Strengthening Risk Awareness and Accountability in Compensation Practices: Clawbacks
Compensation

Globally, there has been an on-going trend to put risk alignment, conduct-related matters, and sustainability to the forefront of corporate activities – mainly driven by regulatory requirements and proxy advisor expectations. Clawbacks are considered one possible instrument in this context.

They have been a common risk alignment tool among European banks and other financial institutions since their introduction in the EU regulatory landscape after the 2008 financial crisis. Most recently, in 2023, clawbacks became mandatory for executives of listed companies in the US.

Market insights in Switzerland

While in other jurisdictions, including the US and the EU (merely for the financial industry), clawbacks are legally required, in Switzerland, the provision of a clawback is to some extend recommended1 but not (yet) mandatory from a legal perspective. Still, large international proxy advisors already expect companies to have clawbacks in their toolbox for effective risk alignment.

In fact, clawbacks are more and more frequently observed in Switzerland with 29% of listed companies having clawbacks in 2021 vs. 22% in 2019. Notably, larger companies are at the forefront in this regard – potentially also because they are in the spotlight and under public scrutiny when it comes to governance best practices. For example, around 80% of the SMI companies have this mechanism in place. In contrast, there are fewer medium and smaller companies which include clawbacks, but with a strong positive trend between 2019 and 2021 (SMIM: from 44% to 63%; SPI Mid: from 15% to 23%; SPI Small: from 8% to 13%).

Typically, clawbacks are foreseen for executives and majorly apply either to their entire variable compensation (51% of clawbacks), or solely to the long-term variable elements (44% of clawbacks). They usually enable the Board of Directors to reclaim the relevant compensation elements for up to three years if certain trigger events occur, such as severe misconduct (61% of clawbacks), illegal activities (54% of clawbacks) or in case of financial restatements (49% of clawbacks).

Despite the focus and scrutiny by proxy advisors, some investors and the public, there are very few publicly known cases where a clawback was actually enforced in Switzerland. This can lead to the question: Are clawbacks an effective tool to achieve the goals regarding accountability and risk alignment mentioned above?
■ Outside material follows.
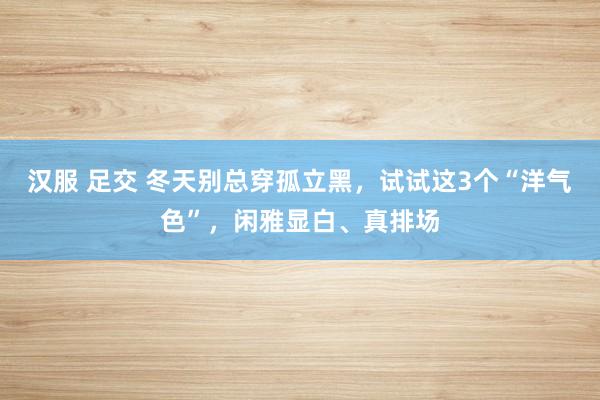 汉服 足交 冬天别总穿孤立黑，试试这3个“洋气色”，闲雅显白、真排场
Or is it like riding a toothless tiger?

Precedence in Switzerland

A Federal court decision from 2015 has provided some precedence for clawbacks. The main question to assess whether an award would be considered recoupable from a legal perspective is:
• Is the award considered a gratification, i.e., a discretionary element and not a variable compensation element?
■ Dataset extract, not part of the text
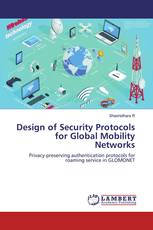 Design of Security Protocols for Global Mobility Networks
This differentiation has actually been a challenge for labor law experts for a while, but the precedent case also offers some guidelines in this regard, along the following questions:
• How relevant is the variable part in the individual’s overall compensation package on a relative basis and, specifically, does it exceed five times the median Swiss salary?

Depending on these conditions, a potential clawback is enforceable – given the pre-determined trigger conditions occurred.